We know many nonprofits depend on annual events to raise money, and virtual events might take some trial and error. Organizations may have to hold smaller, more frequent fundraisers to close their fundraising gaps, or get creative in moving existing events online. The good news is that grassroots donors still want to make a positive difference in the world by supporting you! We came up with some questions to help you think about what kind of virtual fundraising event is right for your nonprofit:

  • What are your values?

  • If you don’t have a nonprofit values statement, think about what values enable your work. What’s important and meaningful to you and your nonprofit? As an example, a direct service organization could say they value the shared empathy and empowerment of their staff, volunteers, and clients. An education nonprofit might say they value equitable access to learning opportunities.

  • What tone has your organization or organizational leadership set?

  • Who does your nonprofit serve? Consider how your nonprofit speaks with your community, how leadership shows up in external meetings, and the tone of your conversations with clients or constituents. For example, are your online and offline communications calm, energetic, action-oriented, or formal? How do you define your voice?

  • Why do your supporters trust you to do this work?

  • Who are your supporters, and why do they trust you to do this work? Maybe you’ve been working toward your mission longer than any other organization in the sector. Or maybe you were recently formed to address a shortcoming you noticed in a particular area. For the former example, a nonprofit could give a virtual history lesson and talk about how their work has progressed and how they want it to grow in the future. For a new nonprofit, you could do a virtual Q&A with one of your earliest funders and talk about how your work fills the gap. Think about what value you bring to supporters, and make a celebration of it!

  • What are your needs?

  • How much money do you need to fund your work for the next quarter? If all your attendees donated $5, how many attendees would you need to meet your goal? Will you need to sell tickets through an event form beforehand? Or would volunteer commitments be as valuable as donations right now?

  • What do your values, tone, supporter trust, and needs add up to?

  • Maybe you’re a small conservation organization trying to give people a behind-the-scenes look, so you stream a laid-back tour of the buildings or land you preserve and talk about what goes into maintaining them. Or if you’re a longstanding direct service organization, you could ask a founding member to make a video explaining why they founded the nonprofit and how it’s grown.

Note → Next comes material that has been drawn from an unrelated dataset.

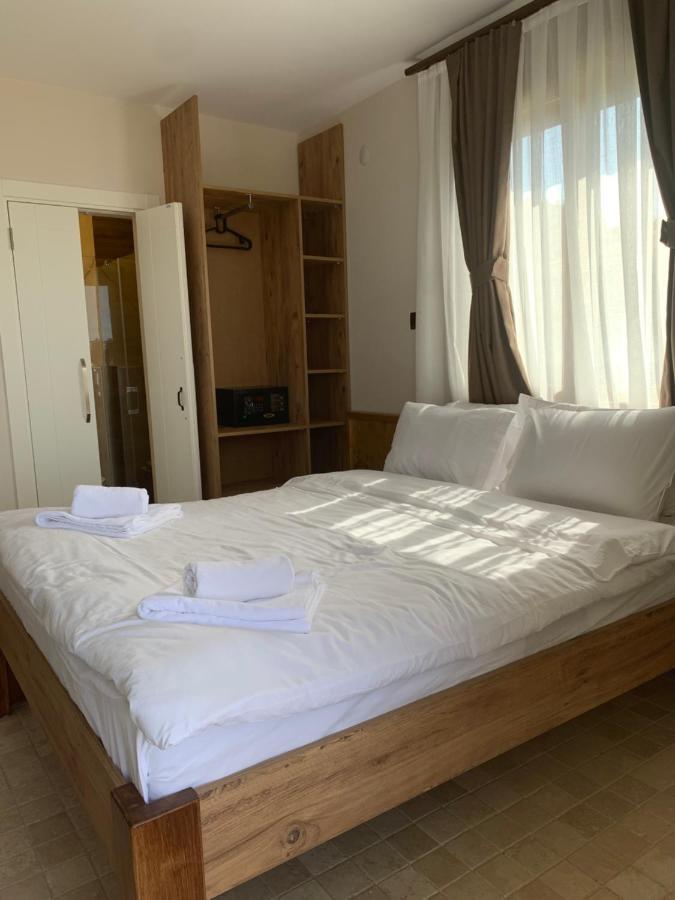 Cesmekes Otel Buitenkant foto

    Can’t decide between virtual event ideas? Ask your advocates what they think! Create a poll on Twitter or Facebook, or send out an email to staff and volunteers asking for input.


Whatever kind of virtual event you decide on, if you film it on Facebook or YouTube you can embed it on a contribution form so attendees can donate without navigating away from your video!

Once you have an idea for a virtual event, use this checklist for tips on making it go as smoothly as possible. Click these links for guides on using Facebook Livestreams, Facebook video, and YouTube videos, which can all be embedded on our contribution forms. Livestreams are a great option for interactive Q&As!

Afterward, download the data from your event’s contribution form and send folks who attended a heartfelt thank you email. If you’re looking for feedback on your event or more ideas for future events, this is also an opportunity to ask your supporters questions to keep the conversation going!

More ideas for virtual events:

  • An organization with a longstanding history in the community could have someone sort through historic materials on camera while explaining how their work has adapted to meet the community’s needs.
  • Organizations with a strong emphasis on self-care could film a series of videos on mindfulness, self-care arts and crafts, or host a virtual dance-a-thon.
  • Does your nonprofit have nutritional programming or enthusiastic home cooks on staff? Consider giving virtual cooking lessons with a suggested donation!
  • Nonprofits urgently in need of funds could hold a virtual fundraising race using supporter forms and make daily announcements on who’s in the lead, with consent from supporters. Try making it fun by having your announcer dress up in formal wear or as a mascot for your organization and film their announcements!
  • A newly formed organization could get some of its founding members together (virtually) to discuss why they felt it was important to do this work now, and how they hope to serve their community.